[Records from a data collection]
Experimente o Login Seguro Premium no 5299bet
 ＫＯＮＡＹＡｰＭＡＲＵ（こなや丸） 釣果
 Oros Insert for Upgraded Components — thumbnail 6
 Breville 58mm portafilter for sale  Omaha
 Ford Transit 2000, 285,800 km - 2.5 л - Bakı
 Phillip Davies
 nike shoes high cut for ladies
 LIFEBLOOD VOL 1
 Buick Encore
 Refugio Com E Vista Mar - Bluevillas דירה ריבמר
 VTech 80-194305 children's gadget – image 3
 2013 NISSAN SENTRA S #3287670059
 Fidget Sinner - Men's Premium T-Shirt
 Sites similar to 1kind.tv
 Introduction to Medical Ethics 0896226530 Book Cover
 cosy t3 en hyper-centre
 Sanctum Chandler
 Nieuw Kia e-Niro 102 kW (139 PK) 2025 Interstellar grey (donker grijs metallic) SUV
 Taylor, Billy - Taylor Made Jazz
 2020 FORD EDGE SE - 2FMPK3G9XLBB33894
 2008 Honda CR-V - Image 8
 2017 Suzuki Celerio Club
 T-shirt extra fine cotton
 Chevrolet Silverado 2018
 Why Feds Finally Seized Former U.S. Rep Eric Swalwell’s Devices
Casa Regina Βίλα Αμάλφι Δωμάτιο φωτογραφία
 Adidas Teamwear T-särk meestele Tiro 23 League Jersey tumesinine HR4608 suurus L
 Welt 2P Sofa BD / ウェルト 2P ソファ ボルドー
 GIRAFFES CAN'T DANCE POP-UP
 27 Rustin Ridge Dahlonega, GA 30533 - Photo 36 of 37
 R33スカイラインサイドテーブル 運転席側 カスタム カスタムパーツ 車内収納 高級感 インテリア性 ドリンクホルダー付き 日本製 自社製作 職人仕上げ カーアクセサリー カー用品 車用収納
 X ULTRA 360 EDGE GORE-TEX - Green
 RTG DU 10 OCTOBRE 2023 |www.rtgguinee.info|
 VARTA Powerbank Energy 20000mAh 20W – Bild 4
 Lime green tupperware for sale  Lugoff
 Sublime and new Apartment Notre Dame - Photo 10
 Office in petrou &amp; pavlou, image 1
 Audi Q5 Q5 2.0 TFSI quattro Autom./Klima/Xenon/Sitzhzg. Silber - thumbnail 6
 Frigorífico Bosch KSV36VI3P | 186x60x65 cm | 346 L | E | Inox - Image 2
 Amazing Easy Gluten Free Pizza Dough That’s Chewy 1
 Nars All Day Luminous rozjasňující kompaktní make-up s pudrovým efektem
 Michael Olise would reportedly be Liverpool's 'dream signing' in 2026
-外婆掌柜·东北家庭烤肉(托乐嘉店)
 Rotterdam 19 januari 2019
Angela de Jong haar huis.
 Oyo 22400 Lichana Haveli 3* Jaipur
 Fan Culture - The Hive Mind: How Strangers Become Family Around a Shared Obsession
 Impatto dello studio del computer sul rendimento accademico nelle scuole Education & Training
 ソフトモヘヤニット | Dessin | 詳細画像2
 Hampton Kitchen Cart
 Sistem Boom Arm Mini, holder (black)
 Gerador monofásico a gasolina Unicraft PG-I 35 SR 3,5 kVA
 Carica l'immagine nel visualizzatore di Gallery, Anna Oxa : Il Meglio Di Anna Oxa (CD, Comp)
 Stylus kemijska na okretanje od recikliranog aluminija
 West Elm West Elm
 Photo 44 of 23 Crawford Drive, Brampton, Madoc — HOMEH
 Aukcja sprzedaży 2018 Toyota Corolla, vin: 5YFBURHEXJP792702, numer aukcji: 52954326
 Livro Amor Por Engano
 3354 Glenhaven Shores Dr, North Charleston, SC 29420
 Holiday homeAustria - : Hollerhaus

• What the exercise asks:
From the records above, pull out each line that has "sale".

• Finished exercise:
 Breville 58mm portafilter for sale  Omaha
 Lime green tupperware for sale  Lugoff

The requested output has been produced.